The U.S. economy needs to grow faster to maintain job market momentum, Federal Reserve Chairman Ben Bernanke said in a speech Monday; as a result, the Fed will continue its low-interest rate policy, hoping to spur consumer demand and business investment. Stocks rose on Bernanke’s comments, with some on Wall Street reading hints about a third round of Fed bond purchases, or quantitative easing (QE3).
Despite encouraging signs, the labor market still has a very long way to go to get back to pre-recession levels.

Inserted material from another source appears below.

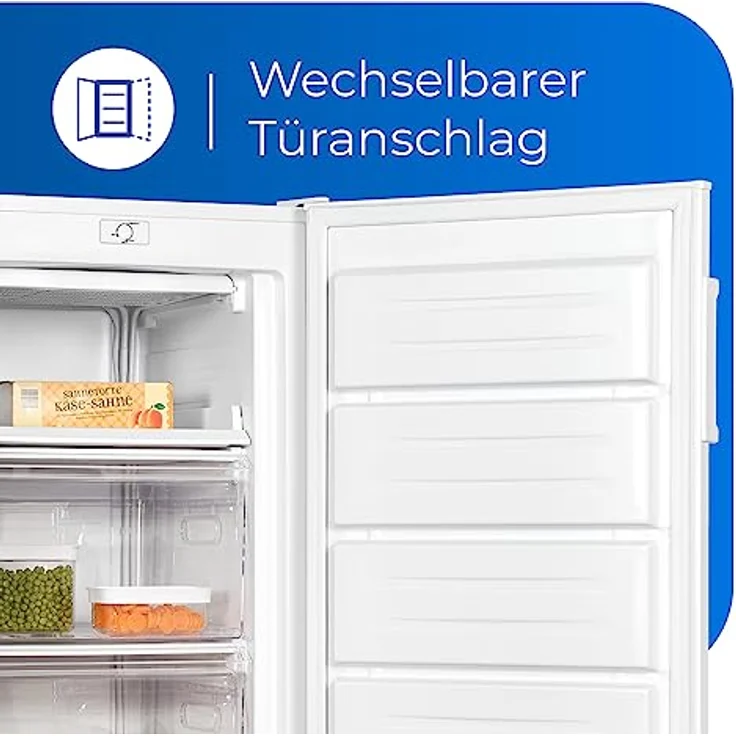 Exquisit Gefrierschrank GS230-H-040D weiss | 168 l Nutzinhalt | 4* Gefrieren | Wechselbarer Türanschlag | 55cm Breite – Bild 5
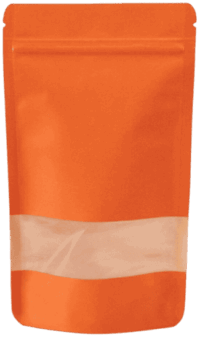 Doypack naranja kraft con ventana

Two years of consistent but modest job gains have brought the unemployment rate from over 9% down to 8.3%. But the U.S. economy is still 5 million jobs short of the previous peak, Bernanke said, and three percentage points above the average unemployment rate for the last two decades.
“Further significant improvements in the unemployment rate will likely require a more rapid expansion of production and demand from consumers and businesses, a process that can be supported by continued accommodative policies,” Bernanke said in a speech to the National Association for Business Economics.
Bernanke spent much of his speech addressing a puzzle that was highlighted by TIME’s Rana Foroohar last week: Unemployment has been falling even as economic growth has been tepid, apparently breaking the widely accepted economic principle known as Okun’s Law, which holds that the economy must grow above its potential to reduce the unemployment rate. (For example, if the potential rate of growth in the U.S. economy is 2%, we need annual growth of 4% to reduce the unemployment rate by 1%.) In fact, the economy grew by less than 2% last year, and yet the jobless rate fell by about 1%.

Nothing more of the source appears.